Let’s take a look at the two sets of emulators stored in stoch_emulators, starting with plots of active variables:

plot_actives(stoch_emulators$variance)

plot_actives(stoch_emulators$expectation)

These plots show what variables are active, i.e. have the most explanatory power, for each of the mean and variance emulators. We see that \(b\) and \(\mu\) are inactive for almost all outputs in the variance emulators, even though they are active for some outputs in the mean emulators. Parameters \(\beta_1\), \(\epsilon\), \(\alpha\) and \(\gamma\) are active for most or all outputs in the mean emulators.

As in the deterministic case, the emulator_plot can be used to visualise how emulators represent the output space. Since we have two sets of emulators, we have several options in terms of plots. The default behaviour of emulator_plot is to plot the expectation of the passed emulator: for example, to plot the expectation of the variance emulator for \(I40\), we just need to pass stoch_emulators$variance$I40 to emulator_plot.

It is important to stress the following point: unlike in the deterministic case, here mean emulators do not have zero variance at ‘known’ points, i.e., at points in the training set. Let us verify this, by plotting the variance of the mean emulator for \(I100\) in the \((\epsilon,\alpha)\)-plane, with all unshown parameters to be as in the first row of all_training. Note that since the plot produced below depends on the location of the first run, when running the code with your own all_training you will get a different result:

emulator_plot(stoch_emulators$expectation$I100, params = c('epsilon', 'alpha'),
     fixed_vals = all_training[1, names(ranges)[-c(6,7)]], plot_type = 'var') +
   geom_point(data = all_training[1,], aes(x = epsilon, y = alpha))

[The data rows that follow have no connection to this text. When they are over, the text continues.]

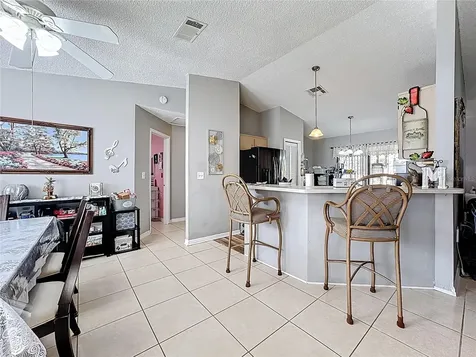 3622 Tree Line Way St Cloud FL 34769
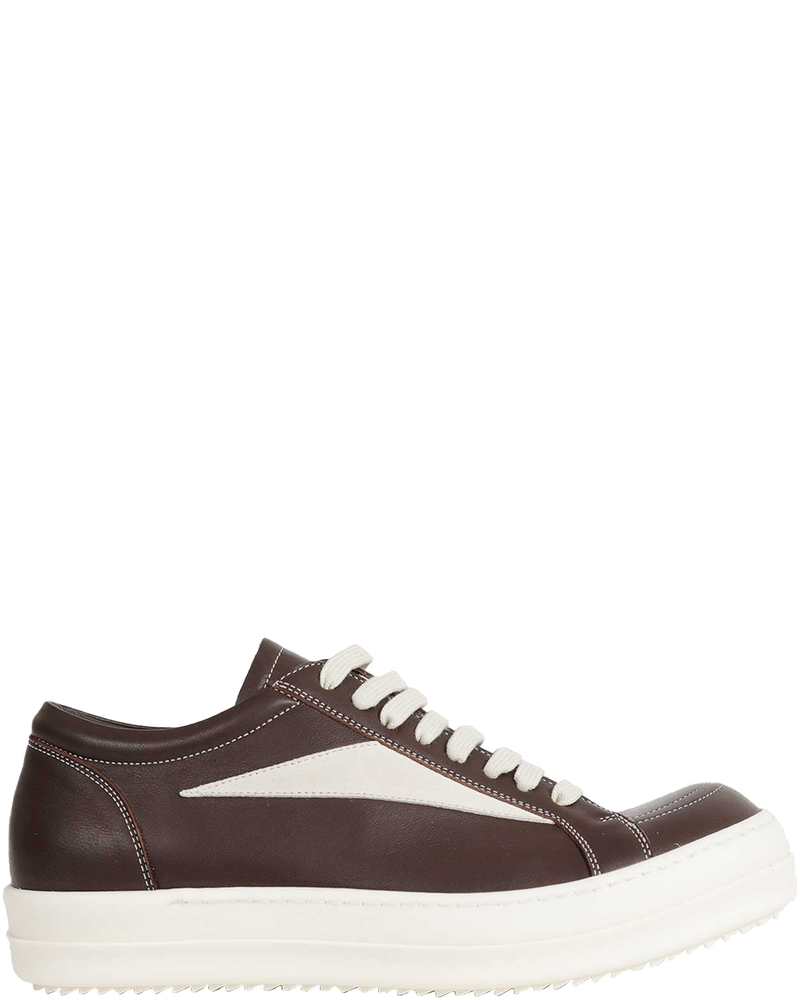 Rick owens Footwear оригінал | Швидка доставка Україна
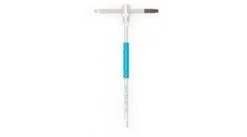 Park Tool Sechskant-Stiftschlüssel T-Griff Set -Fahrradzubehör Angebote WRZ Pt1THH 3 Sechskant T Griff MJ21 INB 00 il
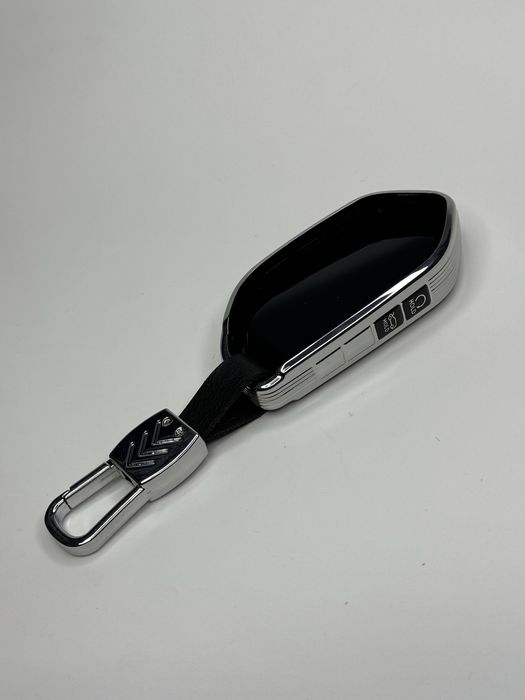 Kia uchun premium pult chexollar. Dona va optom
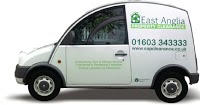 East Anglia Property Clearance 362836 Image 0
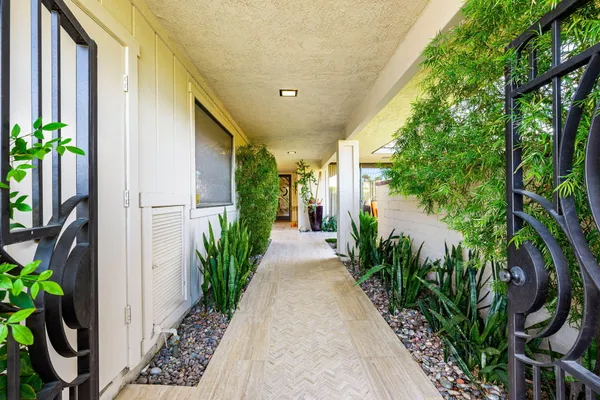 $9,500 | 1 Briarcliff Court, Rancho Mirage, CA 92270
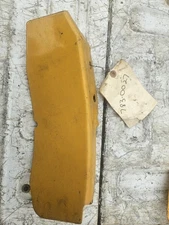 Cub Cadet 783-0027 42 Inch Mulch Baffle 1641 1440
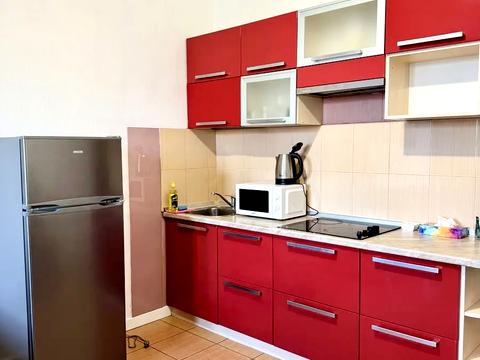 квартира за адресою Шота Руставелі вул., 44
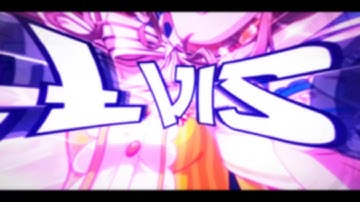 My New Intro (Gone Wrong 2019) Official Music Video 2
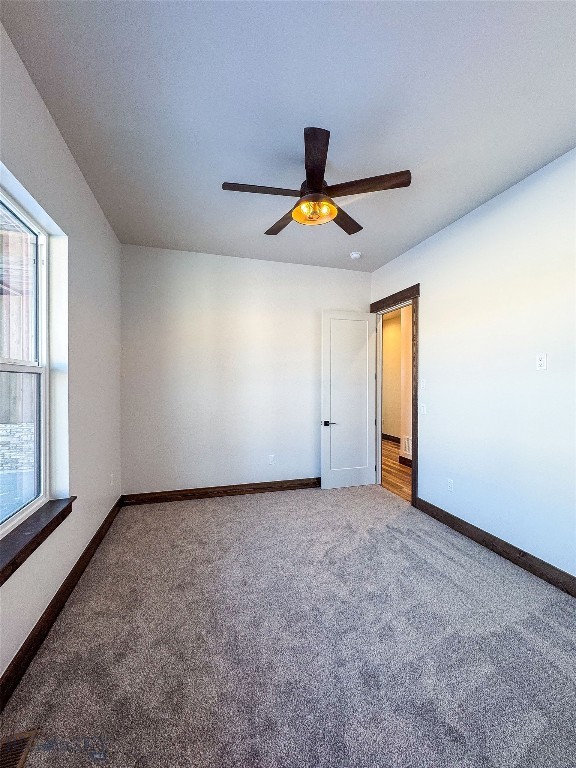 4080 Water Dance, Helena MT 59602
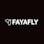 Fayafly - Design Agency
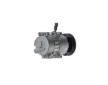 Kompresor, klimatizace MAHLE ACP 759 000S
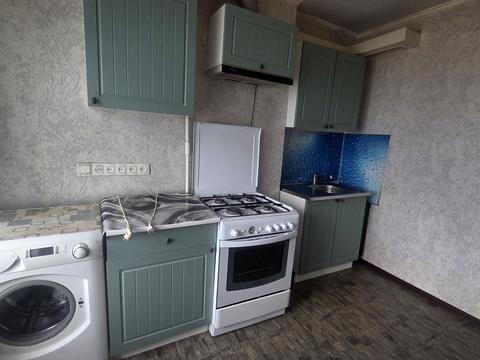 квартира за адресою Петра Калнишевського просп. (Косіора), 15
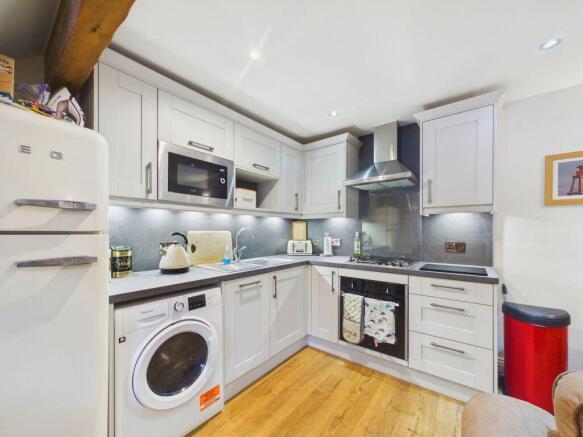 3 bed Cottage for sale Image 9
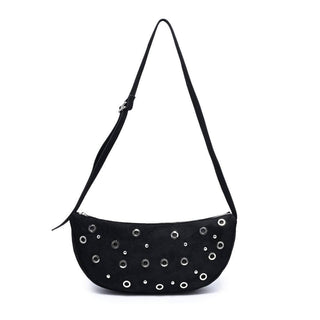 Moda Luxe - Holly Shoulder Bag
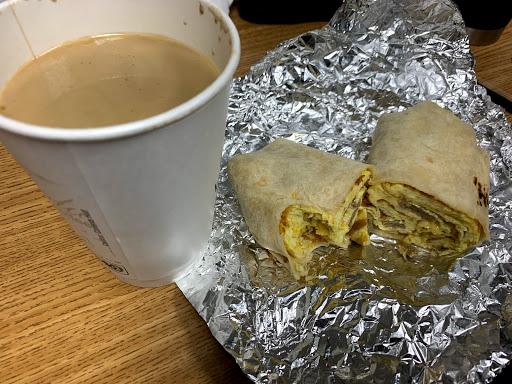 Coffee Shop «Lola Coffee», reviews and photos, 1001 N 3rd Ave, Phoenix, AZ 85003, USA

We see that the black point in the dark blue area, corresponding to the first point in all_training, does not have variance zero. This is because the mean emulator is trying to predict the ‘true’ mean at the point, but it has only been given a sample mean, which it cannot assume is equal to the ‘true’ mean. The emulator internally compensates for this incomplete information, resulting in the variance not being zero, even at points in the training set. This compensation also means that we can work with different numbers of replicates at different parameter sets. In general, for each training/validation parameter set, we should use as many repetitions as is feasible given the model complexity. More repetitions will provide a better estimate of the variance, which in turn allows to train more accurate mean emulators. If a model is relatively fast, then it is worth doing 50-100 repetitions per parameter set; if it is slower, then we can work with fewer repetitions (even just 5-10 per parameter set). This applies to different regions of the parameter space within a single model, too: if one part of the parameter space is much slower to run (e.g. parameter sets with higher beta values, which tend to produce more infections, slowing down agent-based models), then we could run fewer repetitions in those parts of parameter space.